Ana Sofia Cardoso Monteiro Signorelli
Os Termos de Compromisso de Cessação (“TCCs”) foram disciplinados pela antiga Lei de Defesa da Concorrência (Lei nº 8.884/94) e mantidos pela Lei nº 12.529/2011 em seu artigo 85, podendo ser negociados com a autoridade antitruste a pedido do representado ou a requerimento, uma vez atendidos os critérios de conveniência e oportunidade previstos no caput do referido artigo.
A partir da promulgação da nova lei, o papel dos TCCs no contexto de investigações de condutas colusivas mostrou-se decisivo na construção da história institucional do Cade, seguindo o padrão do continente americano, no qual, de acordo com o levantamento mais recente da OCDE[1], cerca de 48% dos casos envolvendo condutas cartelizadas resultou em acordo (considerando uma média de 130 casos julgados por ano, no período compreendido entre 2015 e 2019).
Há, entretanto, uma importante lacuna a ser preenchida em relação à política de acordos do Cade: e quando estes TCCs são celebrados no contexto da “terceira onda do antitruste”? Conforme defendem Athayde e Jacobs[2], esta terceira onda remete à ascensão dos ilícitos concorrenciais advindos de condutas unilaterais, o antigo calcanhar de Aquiles do Cade, de acordo com os últimos Peer Reviews publicados pela Organização para a Cooperação e Desenvolvimento Econômico (OCDE)[3].

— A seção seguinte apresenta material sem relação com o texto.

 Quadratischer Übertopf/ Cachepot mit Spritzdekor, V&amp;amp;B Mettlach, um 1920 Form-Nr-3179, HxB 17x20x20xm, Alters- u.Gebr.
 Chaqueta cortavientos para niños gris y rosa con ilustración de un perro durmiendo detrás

Em que pese já se falar em uma quarta onda, que remeteria à análise regulatória do antitruste[4], a terceira onda não parece ter chegado a seu zênite no Brasil, mas, ao contrário, vem sendo impulsionada por abalos sísmicos cada vez mais emblemáticos e representativos, sobretudo a partir da pandemia do COVID-19, sua relação com o crescimento dos mercados digitais e a consequente ampliação do número de casos envolvendo abuso de posição dominante por parte das plataformas[5].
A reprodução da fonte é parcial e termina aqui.